It is nearly impossible to overstate how valuable options can be for traders. The benefits to using options for trading are numerous and straightforward. In many cases, the more traders get used to using options, the more they realize how beneficial they can be.
For example, traders will often begin experimenting with options because of the leverage they provide. Having 1 option equate to control of 100 shares of stocks can certainly lead to greater returns than simply using stocks.
However, options leverage is more than just increasing returns. The leverage component also means traders can trade stock they may not normally be able to afford. Take Amazon (AMZN) for example. It’s nearly an $1,800 stock.
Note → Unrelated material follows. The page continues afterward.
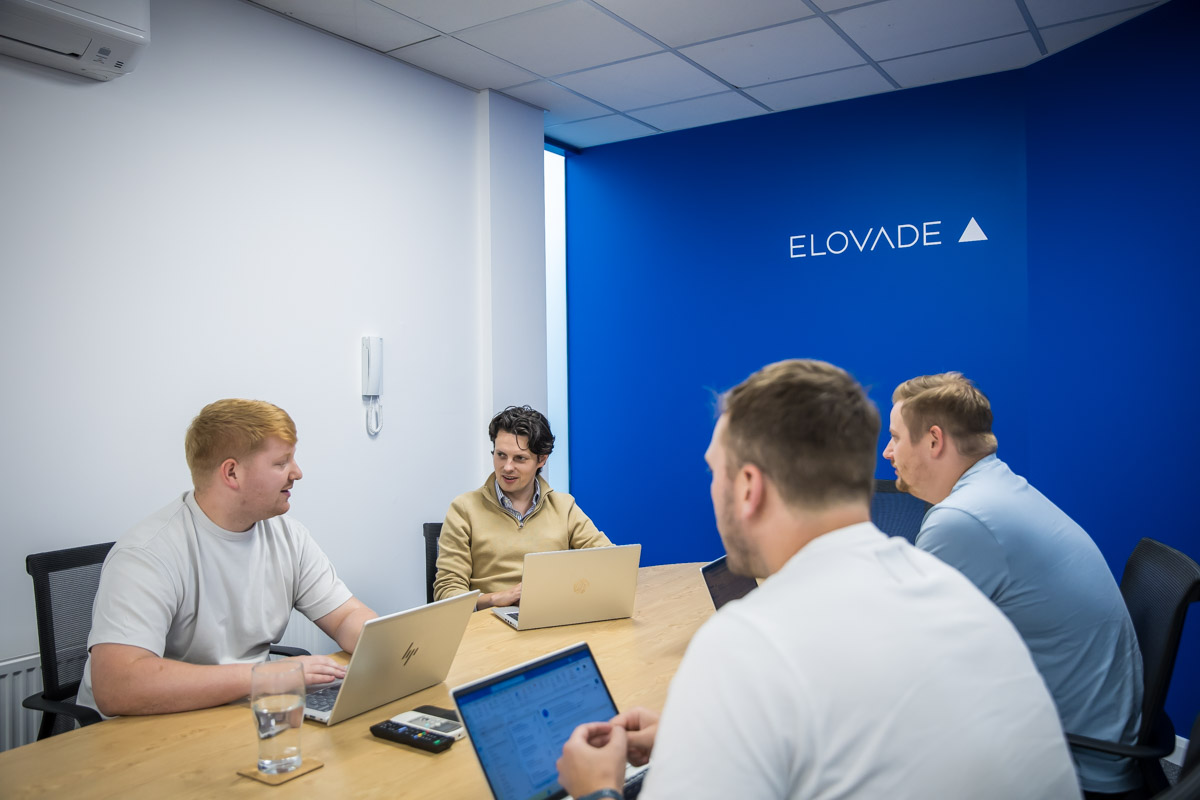 20260903ELOVADE-116 20260903ELOVADE-116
With options, you could conceivably control 100 shares ($18,000 worth) of AMZN for a few hundred dollars.
Options can also provide access to strategies traders may not normally be comfortable with, such as short selling stock or trading commodities. Using options can make these strategies simpler and safer than they’d otherwise be.
But options can provide other benefits above and beyond how they’re used in trading. In fact, studying the options market and following options action can be highly instructive and rewarding.
Big investment firms, funds, and trading desks will often use the options market to establish their positions in stocks and ETFs. Traders can often get an idea of what the smart money is doing by following big, block trades in options.
Sometimes, block trades will occur in stocks you’ve never heard of or that rarely trade in big volume. These situations can be particularly useful. Not only are they easier to spot among the noise of everyday trading, but it can often be easy to tell what the goal of the trader is.
For instance, let’s look at a large block trade in Knight-Swift Transportation (KNX). The trucking and transportation company trades about 2.5 million shares a day on average, but only about 2,000 options. So, when a massive options trade hits the wire in this name, it can be an eye-opener.
This particular block was a trader buying 20,000 August 35 calls for $2.35 per contract with the stock trading at $32 per share. What this means is that KNX needs to be at $37.35 or above by August expiration for the trade to break even.
The trader is spending $4.7 million for this trade, which is the max loss potential. So, this clearly is a very bullish trade and the strategist is risking a lot on the call purchase. After all, we’re talking about over a $5 move higher (over 15%) in a stock that doesn’t make big moves all that often.
On the other hand, the trade will generate $2 million for every dollar the stock moves higher than the breakeven point. In other words, there is some substantial upside to this strategy. And, it isn’t likely someone is dropping nearly $5 million on calls on a whim.
This is exactly the sort of situation where copying the trade is a reasonable strategy. KNX options don’t trade that much and a straight up call trade is pretty transparent. Someone thinks this stock is going up in the coming weeks. And, for about $250 – $300 you could control 100 shares of KNX for about 5 months.